Sonhei com a Morte essa noite. Vestida de mágico, Ela sumia com todos ao meu redor, e ninguém - nem eu! - entendia o que acontecia; até que Ela veio me buscar. Ao se aproximar de mim - eu já não via ninguém nem nada ao meu redor -, percebi um isqueiro em Sua mão. Eu logo entendi o jogo Dela com Sua chama azul no isqueiro. Aquela chama não servia a fazer iluminar o ambiente, servia apenas a antever Sua silhueta. Quem observa aquela chama corre o risco de se perder para sempre, pensando almejar o céu; chama que mal se vê, não se sente da maneira precisa. A Morte era exatamente como todos A descreviam, aquela imagem em ossos, de capa preta e foice na mão. Nesse momento, peguei-me pensando se não seria apenas uma imagem criada pela minha cabeça, e, ali, na minha frente, como quem ouve meus pensamentos, a Morte se transformou. De repente, Ela era uma senhora bem trajada, com um sorriso leve e um bloco de anotações na mão. "Cada um vê a morte como quer", Ela disse. Então, Ela me convidou a caminhar.
Andar por um ambiente escuro sem nenhuma réstia de luz, confesso, não é nada fácil. E aquele silêncio eterno me incomodava, por isso, perguntei-Lhe o que havia nos blocos. Era mera falta de um assunto pertinente, afinal, o que se poderia conversar com a Morte? Após alguns segundos, Ela respondeu que escrevia ali Suas impressões sobre cada alma que buscava. Petulante, pedi que me deixasse ver alguma anotação. Ela parou, procurou determinada página e me estendeu o bloco, segurando o isqueiro, cuja chama se tornou ligeiramente amarelada, sobre o texto. Em uma letra bem desenhada, li: "Talvez essa tenha sido a coleta mais difícil para mim. Esta parece ser a alma com o maior amor à vida que já busquei aqui, dessas que dão valor a cada coisa, dessas que deveriam viver muito e servir de exemplo. São essas as que se vão mais cedo, e, hoje, se eu tivesse o poder da escolha, deixaria que essa pessoa permanecesse em seu caso de amor.". Fiquei pensando naquilo. Decidi inquirir sobre quais seriam as impressões sobre mim. A essa pergunta, Ela respondeu que eu era a pessoa com o maior medo da vida que Ela havia visto, que eu deixava de viver inúmeras coisas devido a isso. Ela parecia intrigada, sem conceber a possibilidade de alguém que tema a vida e não a morte. Tentei elaborar as ideias de um modo coeso. Disse a Ela que tinha medo do que não conhecia, do que não sabia entender, do que me fugia às mãos. Ela gargalhou. Percebendo minha estupidez, ri junto à Morte da incapacidade de viver plenamente por um medo infantil e infindado. Era isso (rir) ou me encolher em posição fetal no chão, chorando as dores e o temor.

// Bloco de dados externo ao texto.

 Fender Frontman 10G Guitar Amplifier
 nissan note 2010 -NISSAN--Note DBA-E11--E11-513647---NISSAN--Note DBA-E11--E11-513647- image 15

Caminhamos pelo que me pareceu fossem horas, mas deveriam ser fugazes segundos. Já me entediava novamente, quando a chama do isqueiro deixou uma vaga faísca escapar e iluminar brevemente a nossa frente. Imagens poucas se desenhavam. Ela disse que cada um sabe e escolhe seu destino também após a morte. Não é que houvesse portas à minha frente pra que eu sorteasse um caminho aleatoriamente. A escolha dependia de mim. Bastava eu imaginar, que o cenário se produzia. "Cada um escolhe sua morte, por melhor ou pior que seja", Ela afirmou.
Escolhi acordar. Roubei o isqueiro da Morte, acreditando enganá-la. Acordei e acendi um cigarro, iluminando o breu da noite, celebrando o furto e o engodo, temendo a vida, acelerando processos. Escolhi acordar, pensando enganar a Morte; risquei Seu isqueiro e a vida se consumiu.